The area was prepared, her incantations had been voiced, all that was needed now was power and the trigger.

Having no other weapon she summoned her Temple Blade up again, raising it to bring it swinging in a whirl that would pluck the lives and souls from each of her captives.

She whirled the weapon, its blade flowing in a swooping arc as the trigger incantation burst from her lips.

She felt the power rising, expanding to fill her form and grow on. She tore the fabric of fragile reality with ease delivered her message directly to the mind of the Grandmaster, opening a small, but physical, unlike the mental fracture before it, hole to mark her position. Soon the power faded and she was forced to conquer the hunger to slay more, more to rebuild the ecstasy of nigh omnipotence.

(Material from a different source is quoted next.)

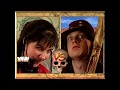 Way Of The Warrior Gameplay 3D0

Her training saved her there and the rift into the space of the Temple blossomed suddenly open.

The Emissary cackled to see the foreboding buttresses and towers, but the laugh warped quickly into a strangled screaming shriek.

It was not column of grey robed Temple warriors that was moving out of the tear.

The Emissary raised her voice in prayer to her blasphemous deity, but for please went unanswered. She glanced up again and screamed her final scream.